The colors of the rainbow arise from two basic facts:
Sunlight is made up of the whole range of colors that the eye can detect. The range of sunlight colors, when combined, looks white to the eye. This property of sunlight was first demonstrated by Sir Isaac Newton in 1666.
Light of different colors is refracted by different amounts when it passes from one medium (air, for example) into another (water or glass, for example).
*Sometimes we see two rainbows at once, what causes this? We have followed the path of a ray of sunlight as it enters and is reflected inside the raindrop. But not all of the energy of the ray escapes the raindrop after it is reflected once. A part of the ray is reflected again and travels along inside the drop to emerge from the drop. The rainbow we normally see is called the primary rainbow and is produced by one internal reflection; the secondary rainbow arises from two internal reflections and the rays exit the drop at an angle of 50 degrees° rather than the 42°degrees for the red primary bow.
*Notice the contrast between the sky inside the arc and outside it. When one studies the refraction of sunlight on a raindrop one finds that there are many rays emerging at angles smaller than the rainbow ray, but essentially no light from single internal reflections at angles greater than this ray. Thus there is a lot of light within the bow, and very little beyond it. Because this light is a mix of all the rainbow colors, it is white. In the case of the secondary rainbow, the rainbow ray is the smallest angle and there are many rays emerging at angles greater than this one. Therefore the two bows combine to define a dark region between them – called Alexander’s Dark Band, in honor of Alexander of Aphrodisias who discussed it some 1800 years ago!

19 thoughts on “Rainbow”

  1. Great shot with the house Karen!!!…thanks for all the info about rainbows. This picture deserves to come out of the computer and made into a 16×20 for one of your walls….maybe even larger?….You need to do this!!!! let me know when you do so I can see it!!!!
    Keep up the good work!
    Tim

  2. Stun-ning. I love all the shots but really like the 3rd one a lot.
    Never saw a double rainbow. They seem to be rare.
    There was one on the Vineyard a few weeks ago.. but that's a magical place anyway 🙂

  3. Yep Yepppp. Enlarge that photo and frame it! You may never get a better shot of a rainbow.
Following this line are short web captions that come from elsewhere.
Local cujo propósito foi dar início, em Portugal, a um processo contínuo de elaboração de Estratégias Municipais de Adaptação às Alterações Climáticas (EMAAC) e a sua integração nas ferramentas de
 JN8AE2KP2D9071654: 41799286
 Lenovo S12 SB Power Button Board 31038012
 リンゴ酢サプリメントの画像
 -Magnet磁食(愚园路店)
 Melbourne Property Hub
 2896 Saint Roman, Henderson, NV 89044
  4. that first shot is a framer for sure, what a beauty! I have never saw a double rainbow, its got to be a sign for something good!!thankyou for the kind words on my blog today

  5. Amazing!!! I love rainbows! We had lots in Charleston in the summer when we would get afternoon rains with all the heat and humidity. We have seen several here. I think they are a sign from God!

  6. If you do blow it up on canvas, there is a website called CGPro Prints that does great canvases for cheap! I have used them a few times now with great results!